After spending three days in Japan's Tohoku region, destinations editor Eric Moya visited Tokyo for a day. His second dispatch follows.

The Brits call them anoraks. In the States they're fanboys and geeks. In Japan they're otaku.

These terms all describe someone who has an obsessive interest, usually to the detriment of a social life. And while "otaku" has been used to describe enthusiasts across a variety of hobbies, it primarily applies to fans of anime (cartoons) and manga (comic books).

If there's a mecca for otaku, it's the Akihabara area of Tokyo's Chiyoda City. I made my way there on foot, about a 30-minute walk from my hotel near Tokyo's main rail station. When I spotted a young woman trying to drum up business for a maid cafe, I figured I was in the right place.
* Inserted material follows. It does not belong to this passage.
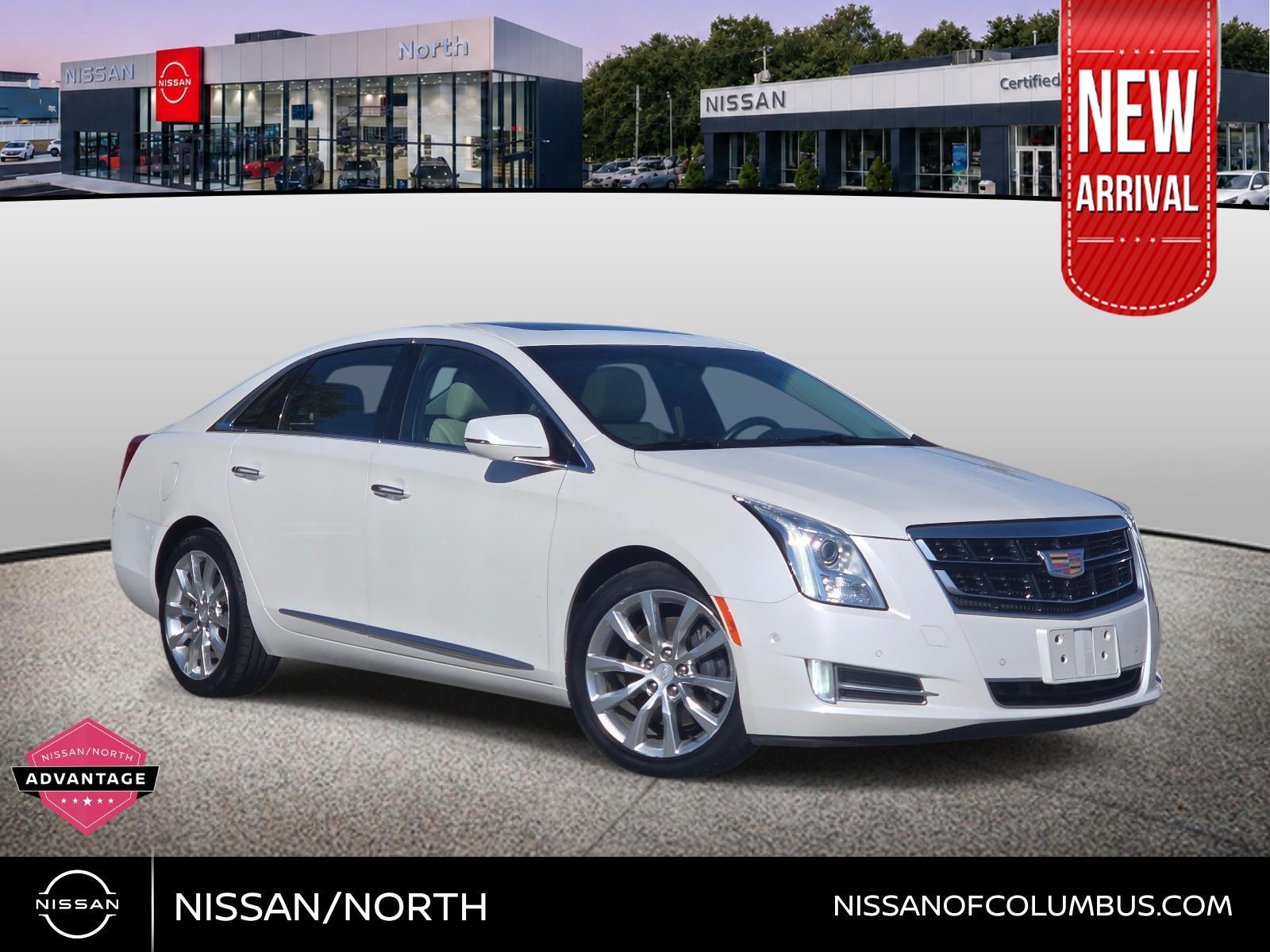 Crystal White Tricoat 2016 Cadillac XTS Sedan Front-Wheel Drive 6-Speed Automatic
I walked into a building comprising six floors, each catering to a specific otaku interest: action figures on one, manga on another, anime DVDs on yet another.

Dispatch, Japan: In Tokyo, embracing 'otaku'
© TW photo by Eric Moya

Then there were the cosplay levels, for those shopping for costumes or dress-up accessories. This is a pastime, coincidentally, that has gained tremendous traction in the U.S. over the past decade or so, as evidenced in the soaring popularity of comic cons.

To that point: In the States, once-geeky preoccupations such as superheroes now rule the pop culture landscape, as anyone who's been to a multiplex over the past decade can attest. It certainly wasn't the case when I was a kid, when "comic cons" were truly comic book conventions, the exclusive domain of American Legion halls or midprice-hotel ballrooms and certainly not somewhere you'd run into the likes of Scarlett Johansson or Chris Hemsworth. (Butch "Eddie Munster" Patrick and the Trans-Am from "Knight Rider," perhaps.)

But whereas traditionally nerdy pursuits have entered the U.S. mainstream, that's not my sense of what otaku culture is. Anime and manga have long been an integral part of Japanese pop culture, and in Akihabara, a community of folks found each other and cultivated a place where otaku could indulge their interests. And on the weekday afternoon I visited, there were also plenty of international visitors browsing manga shelves and action figure displays.

That seems like a pretty well-socialized group to me. No wonder that "otaku," despite originating as a pejorative, is increasingly taken as a term of endearment. Anoraks/fanboys/otaku of the world, unite.